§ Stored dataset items
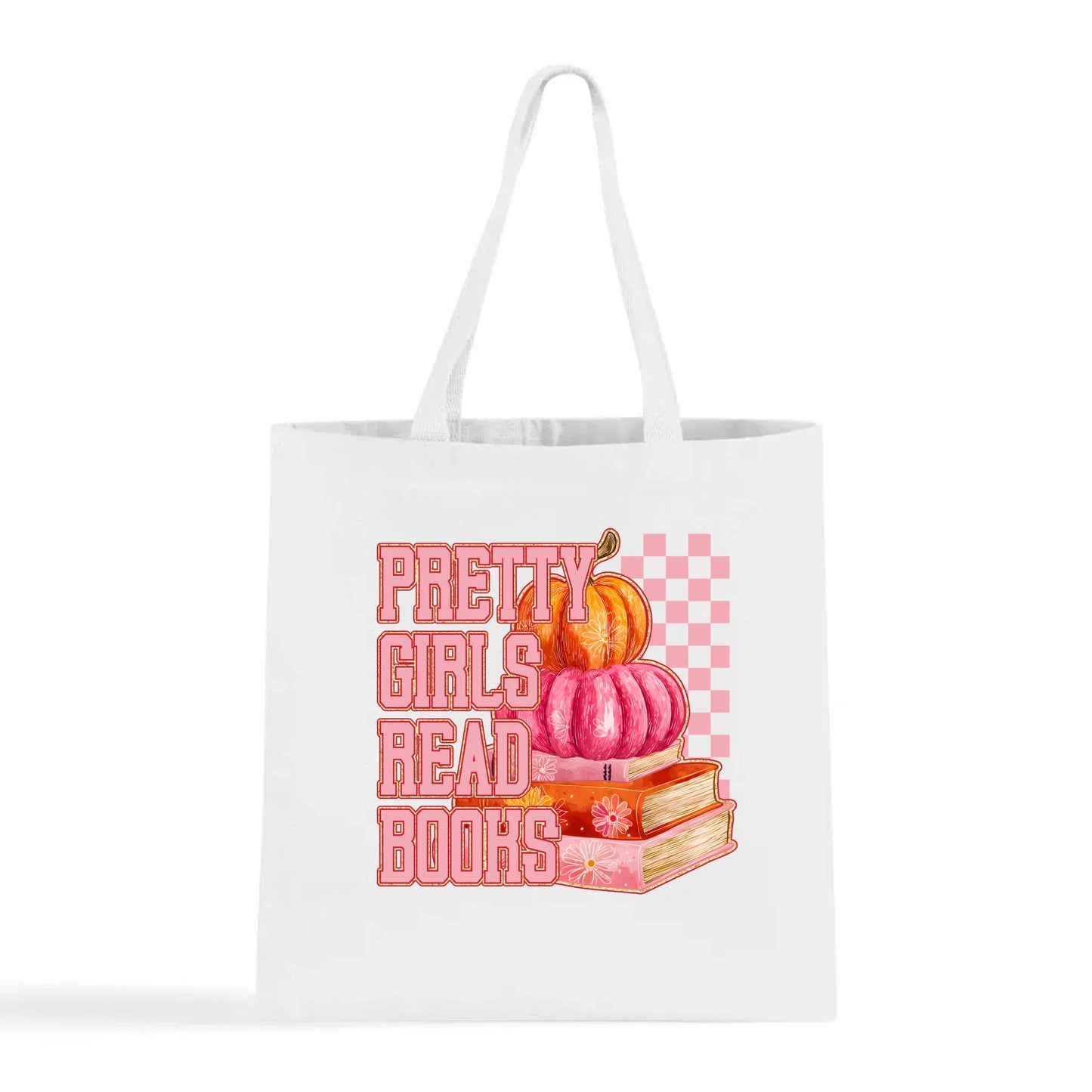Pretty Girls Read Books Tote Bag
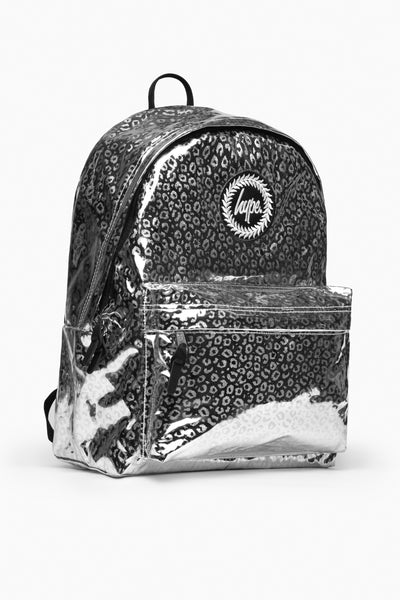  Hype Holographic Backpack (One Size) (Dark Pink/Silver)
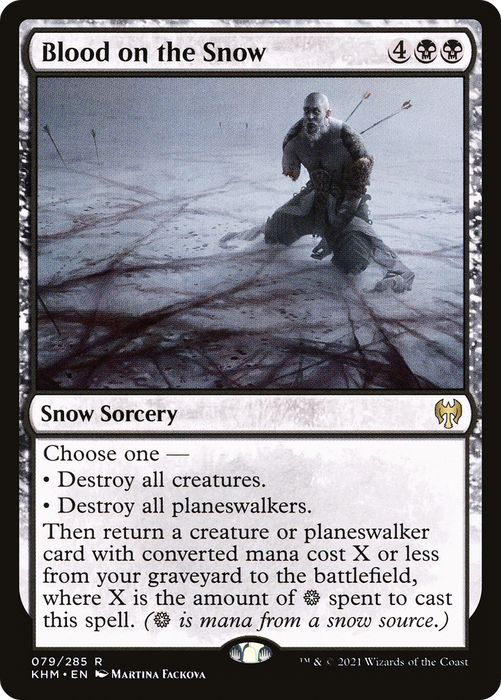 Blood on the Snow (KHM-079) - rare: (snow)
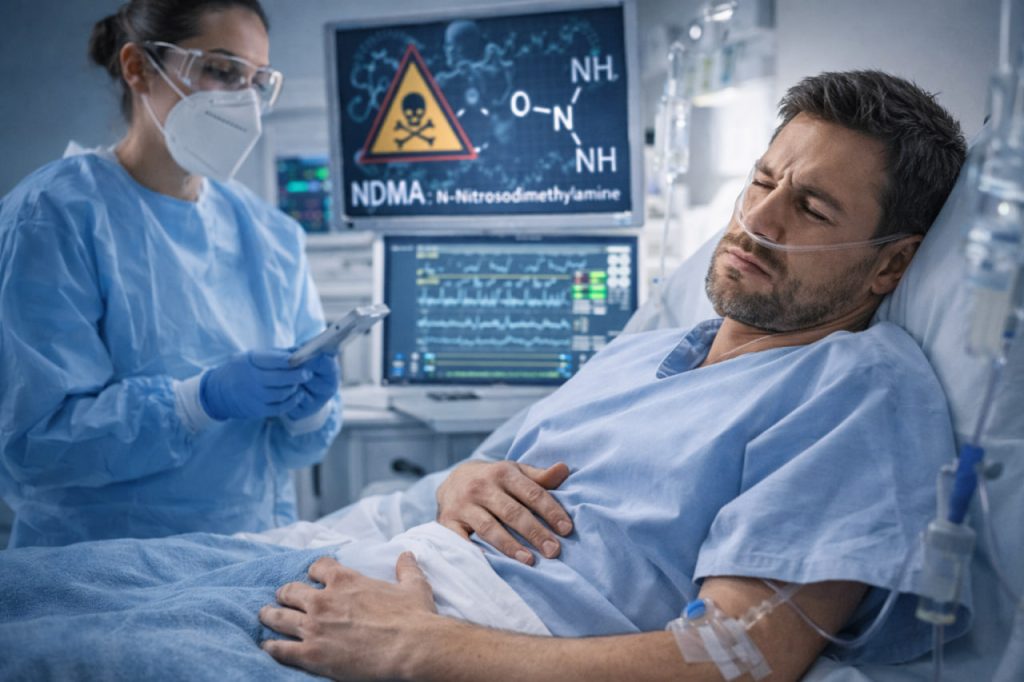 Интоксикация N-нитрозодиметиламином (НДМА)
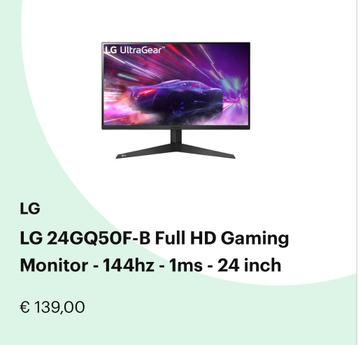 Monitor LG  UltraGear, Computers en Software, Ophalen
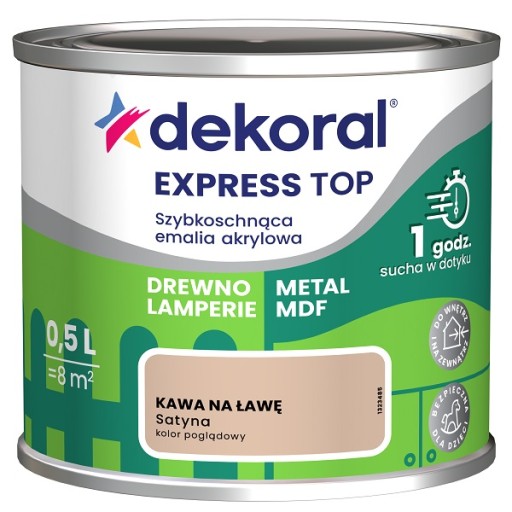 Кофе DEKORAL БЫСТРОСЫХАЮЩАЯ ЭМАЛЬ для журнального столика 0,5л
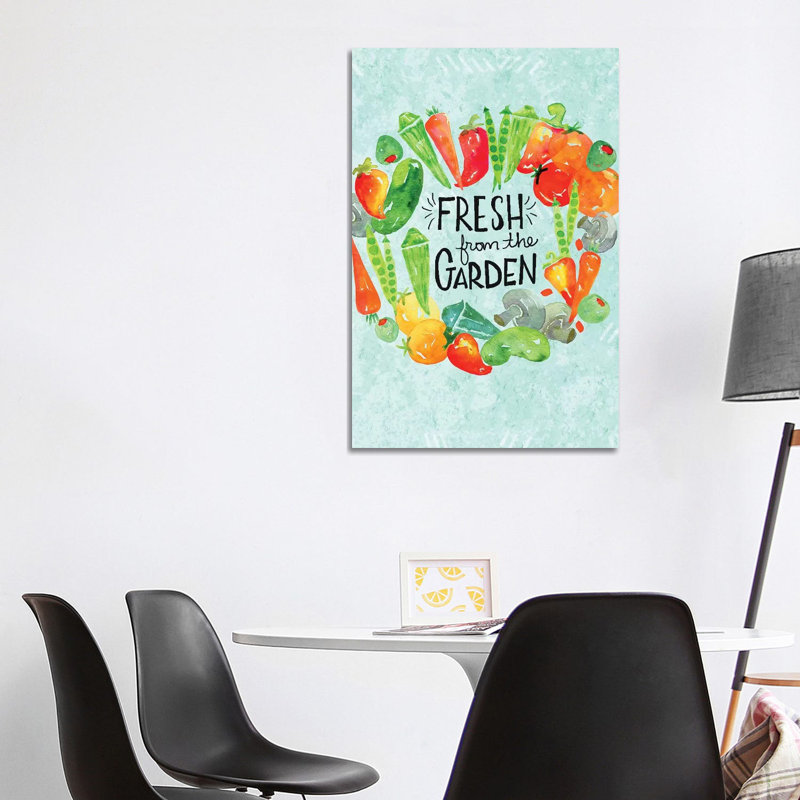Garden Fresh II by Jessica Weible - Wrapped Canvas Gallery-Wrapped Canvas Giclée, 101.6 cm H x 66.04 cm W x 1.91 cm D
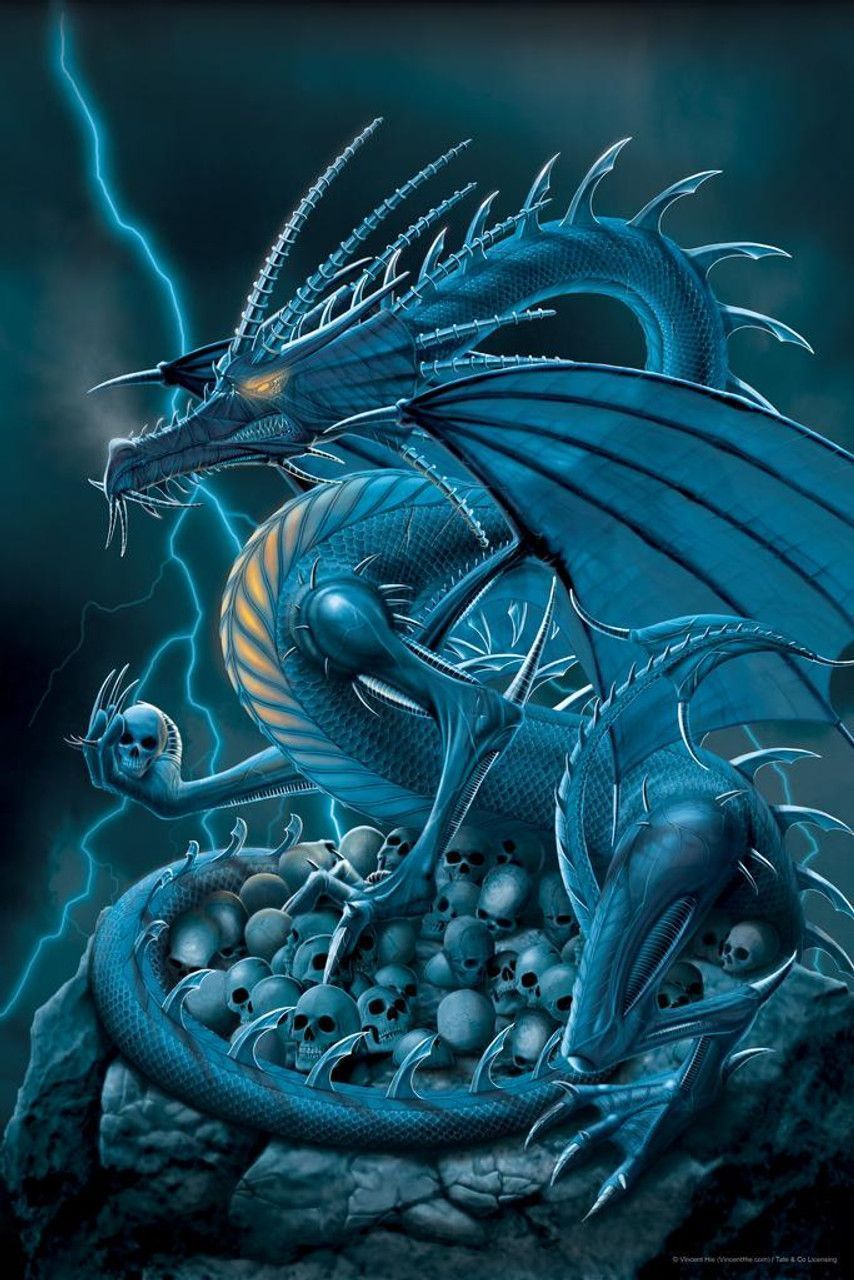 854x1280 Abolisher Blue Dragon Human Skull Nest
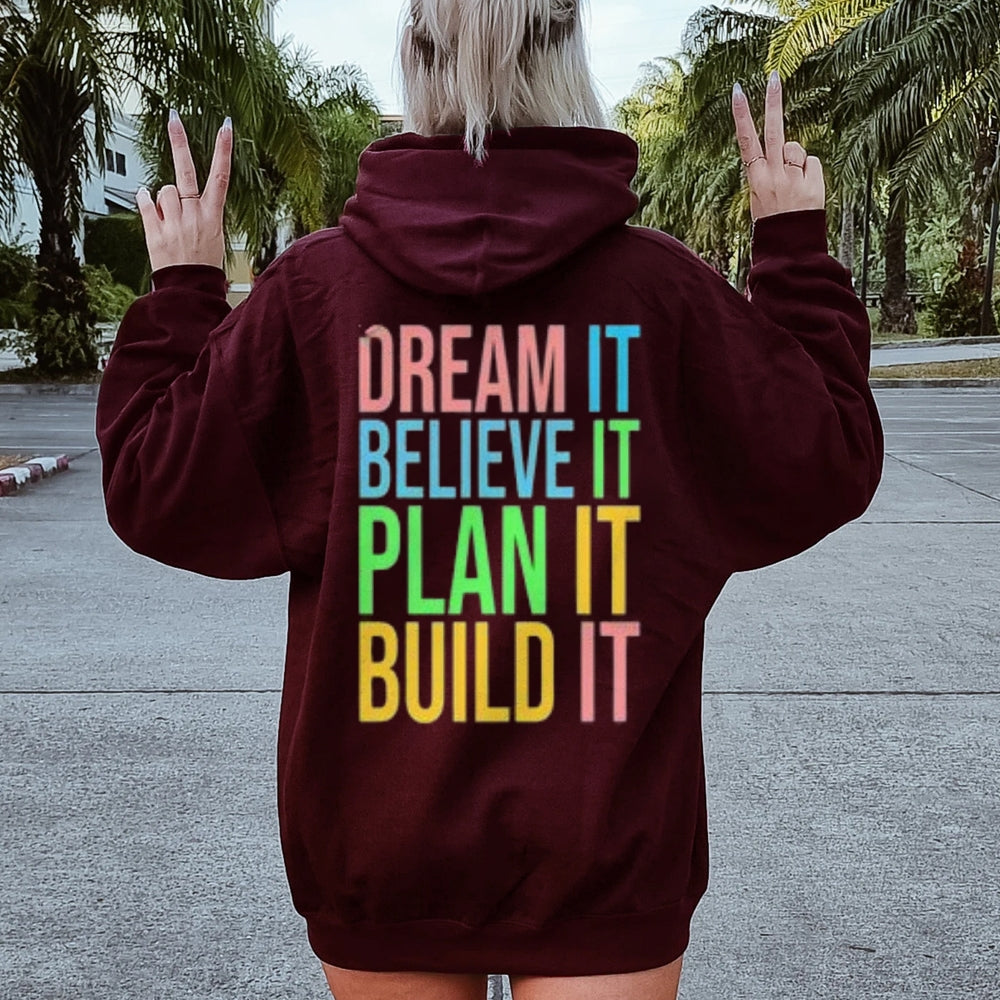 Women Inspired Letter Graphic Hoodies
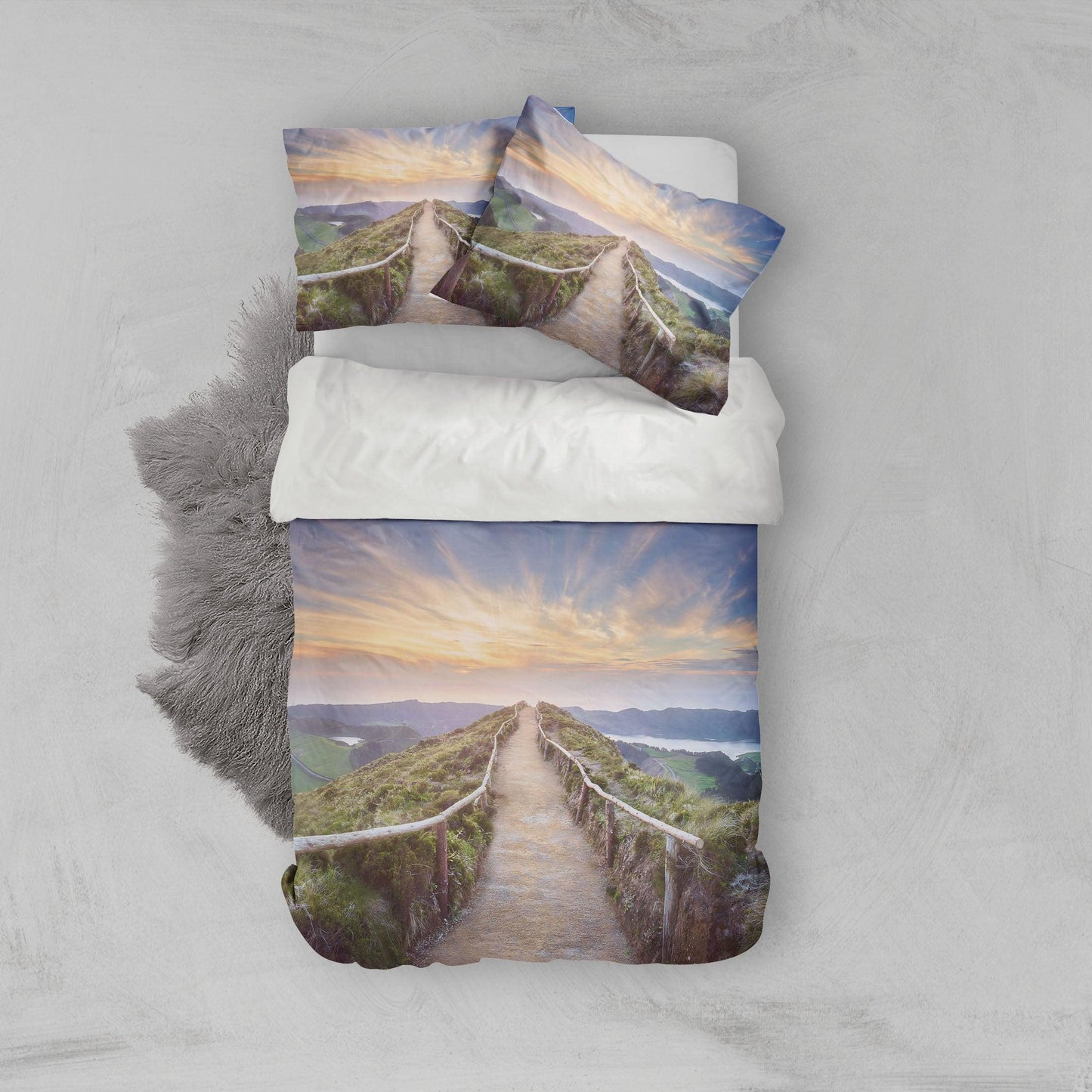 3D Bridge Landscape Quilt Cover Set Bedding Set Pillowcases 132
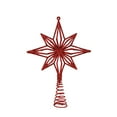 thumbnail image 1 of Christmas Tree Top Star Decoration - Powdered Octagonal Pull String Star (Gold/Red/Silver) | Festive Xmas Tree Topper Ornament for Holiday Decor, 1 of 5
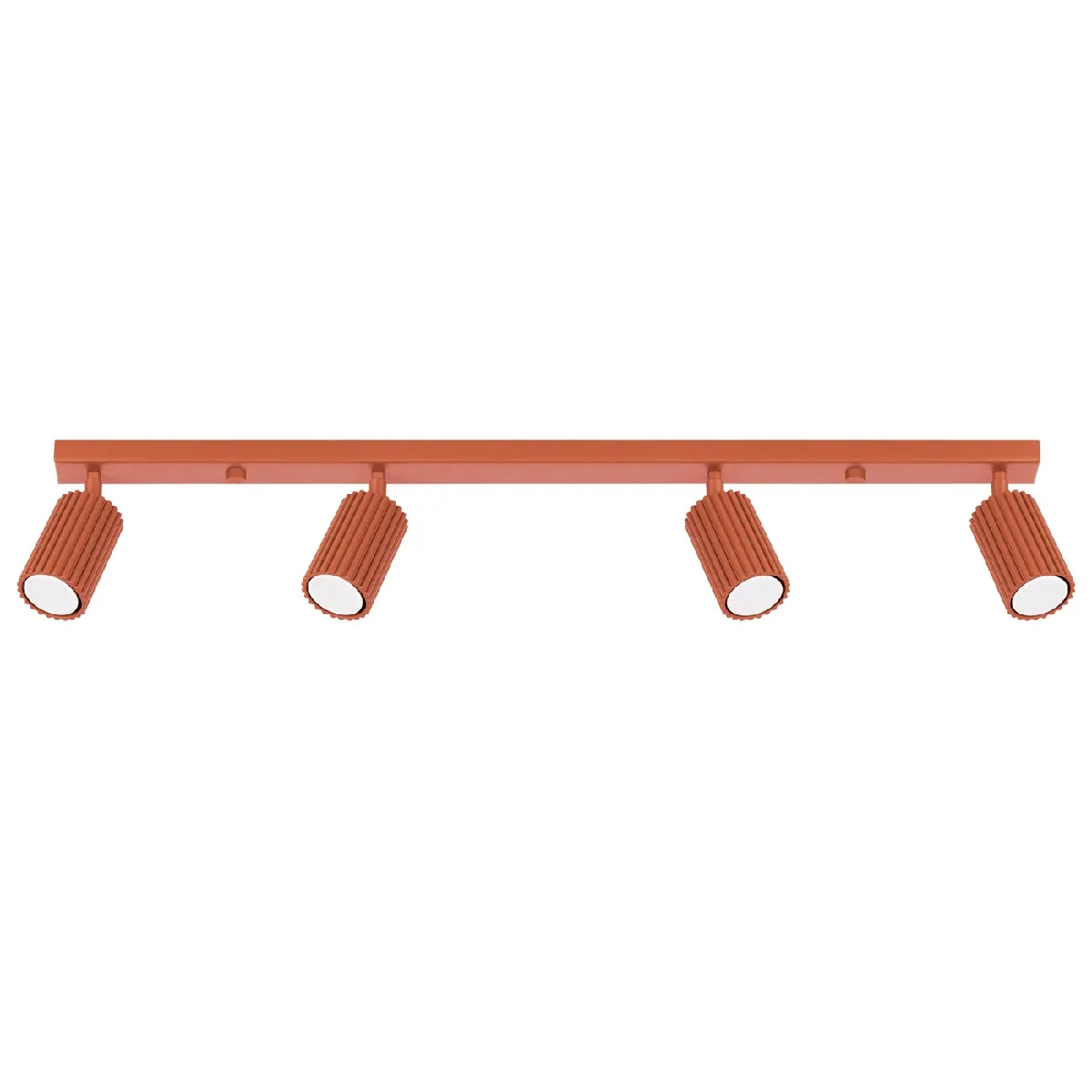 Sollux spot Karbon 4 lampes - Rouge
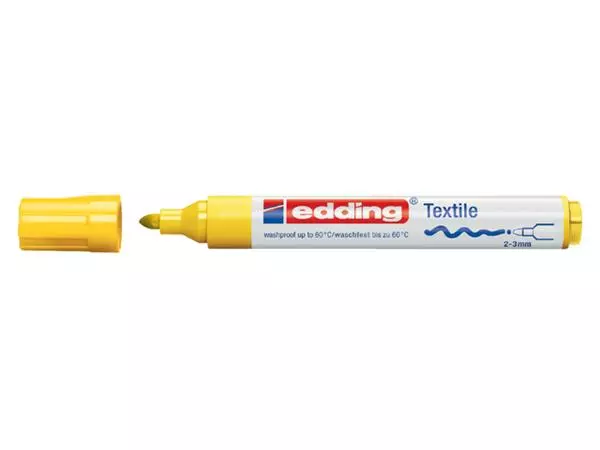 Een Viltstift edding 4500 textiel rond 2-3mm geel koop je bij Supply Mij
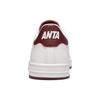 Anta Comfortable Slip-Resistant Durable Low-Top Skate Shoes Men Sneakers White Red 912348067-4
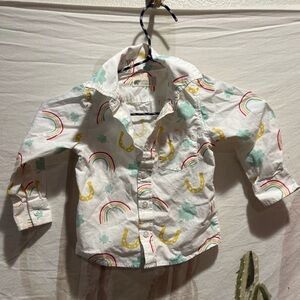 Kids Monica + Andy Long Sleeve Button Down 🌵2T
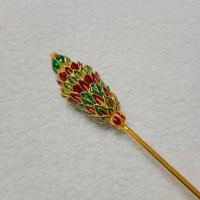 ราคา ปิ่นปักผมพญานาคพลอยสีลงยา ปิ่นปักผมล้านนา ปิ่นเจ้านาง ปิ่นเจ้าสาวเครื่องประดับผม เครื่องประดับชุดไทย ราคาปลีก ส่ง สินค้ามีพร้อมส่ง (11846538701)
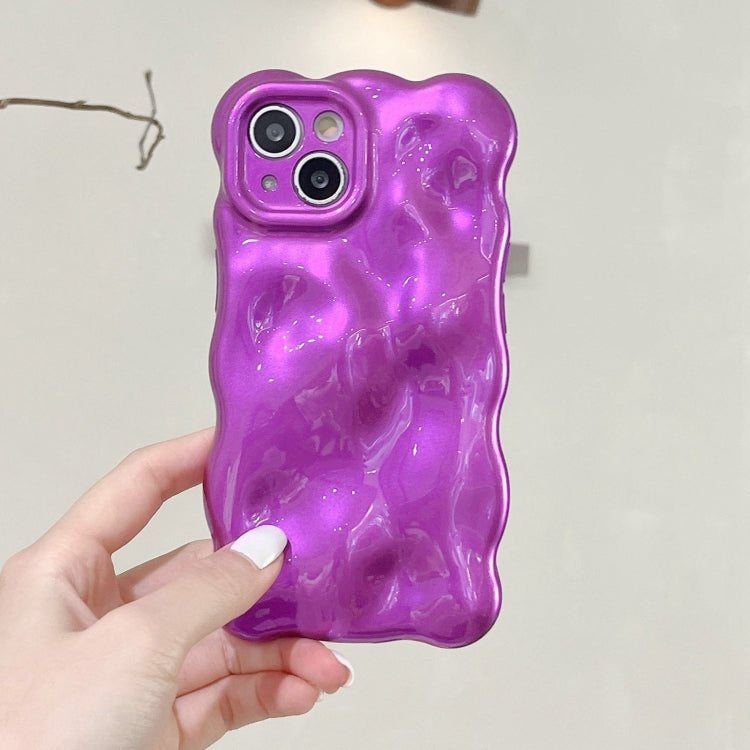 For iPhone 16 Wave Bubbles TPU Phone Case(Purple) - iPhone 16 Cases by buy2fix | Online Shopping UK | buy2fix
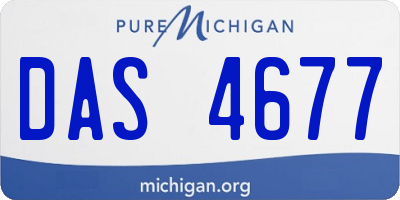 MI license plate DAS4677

§ Task details
Your answer must be the entries written out word for word, without their pictures.

§ Answer space
Pretty Girls Read Books Tote Bag
  Hype Holographic Backpack (One Size) (Dark Pink/Silver)
 Blood on the Snow (KHM-079) - rare: (snow)
 Интоксикация N-нитрозодиметиламином (НДМА)
 Monitor LG  UltraGear, Computers en Software, Ophalen
 Кофе DEKORAL БЫСТРОСЫХАЮЩАЯ ЭМАЛЬ для журнального столика 0,5л
Garden Fresh II by Jessica Weible - Wrapped Canvas Gallery-Wrapped Canvas Giclée, 101.6 cm H x 66.04 cm W x 1.91 cm D
 854x1280 Abolisher Blue Dragon Human Skull Nest
 Women Inspired Letter Graphic Hoodies
 3D Bridge Landscape Quilt Cover Set Bedding Set Pillowcases 132
 thumbnail image 1 of Christmas Tree Top Star Decoration - Powdered Octagonal Pull String Star (Gold/Red/Silver) | Festive Xmas Tree Topper Ornament for Holiday Decor, 1 of 5
 Sollux spot Karbon 4 lampes - Rouge
 Een Viltstift edding 4500 textiel rond 2-3mm geel koop je bij Supply Mij
 Anta Comfortable Slip-Resistant Durable Low-Top Skate Shoes Men Sneakers White Red 912348067-4
 Kids Monica + Andy Long Sleeve Button Down 🌵2T
 ราคา ปิ่นปักผมพญานาคพลอยสีลงยา ปิ่นปักผมล้านนา ปิ่นเจ้านาง ปิ่นเจ้าสาวเครื่องประดับผม เครื่องประดับชุดไทย ราคาปลีก ส่ง สินค้ามีพร้อมส่ง (11846538701)
 For iPhone 16 Wave Bubbles TPU Phone Case(Purple) - iPhone 16 Cases by buy2fix | Online Shopping UK | buy2fix
 MI license plate DAS4677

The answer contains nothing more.